*Activity*:
Two lines in the data below mark the range: the one with "PCB board firmware is" and the one with "As the athlete". Return both, along with every line between them, exactly.

*Data to examine*:
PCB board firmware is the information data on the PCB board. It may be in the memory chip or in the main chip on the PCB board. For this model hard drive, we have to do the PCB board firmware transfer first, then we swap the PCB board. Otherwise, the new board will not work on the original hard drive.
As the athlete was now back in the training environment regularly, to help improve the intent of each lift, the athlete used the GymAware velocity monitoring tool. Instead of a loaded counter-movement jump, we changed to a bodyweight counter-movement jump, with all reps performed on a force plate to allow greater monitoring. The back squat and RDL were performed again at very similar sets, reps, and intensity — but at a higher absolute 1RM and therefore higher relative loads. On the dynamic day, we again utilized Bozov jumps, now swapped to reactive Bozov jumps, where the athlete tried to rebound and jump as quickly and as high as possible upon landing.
* * *
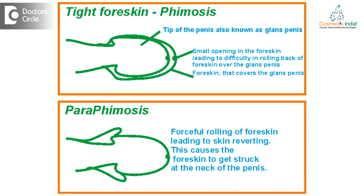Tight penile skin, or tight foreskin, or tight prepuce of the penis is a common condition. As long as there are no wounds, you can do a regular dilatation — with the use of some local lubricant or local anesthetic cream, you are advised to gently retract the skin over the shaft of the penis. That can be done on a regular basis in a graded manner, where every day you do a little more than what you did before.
* * *
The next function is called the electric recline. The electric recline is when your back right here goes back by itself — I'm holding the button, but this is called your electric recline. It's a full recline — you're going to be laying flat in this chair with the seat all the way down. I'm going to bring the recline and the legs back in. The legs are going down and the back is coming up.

*Response box*:
PCB board firmware is the information data on the PCB board. It may be in the memory chip or in the main chip on the PCB board. For this model hard drive, we have to do the PCB board firmware transfer first, then we swap the PCB board. Otherwise, the new board will not work on the original hard drive.
As the athlete was now back in the training environment regularly, to help improve the intent of each lift, the athlete used the GymAware velocity monitoring tool. Instead of a loaded counter-movement jump, we changed to a bodyweight counter-movement jump, with all reps performed on a force plate to allow greater monitoring. The back squat and RDL were performed again at very similar sets, reps, and intensity — but at a higher absolute 1RM and therefore higher relative loads. On the dynamic day, we again utilized Bozov jumps, now swapped to reactive Bozov jumps, where the athlete tried to rebound and jump as quickly and as high as possible upon landing.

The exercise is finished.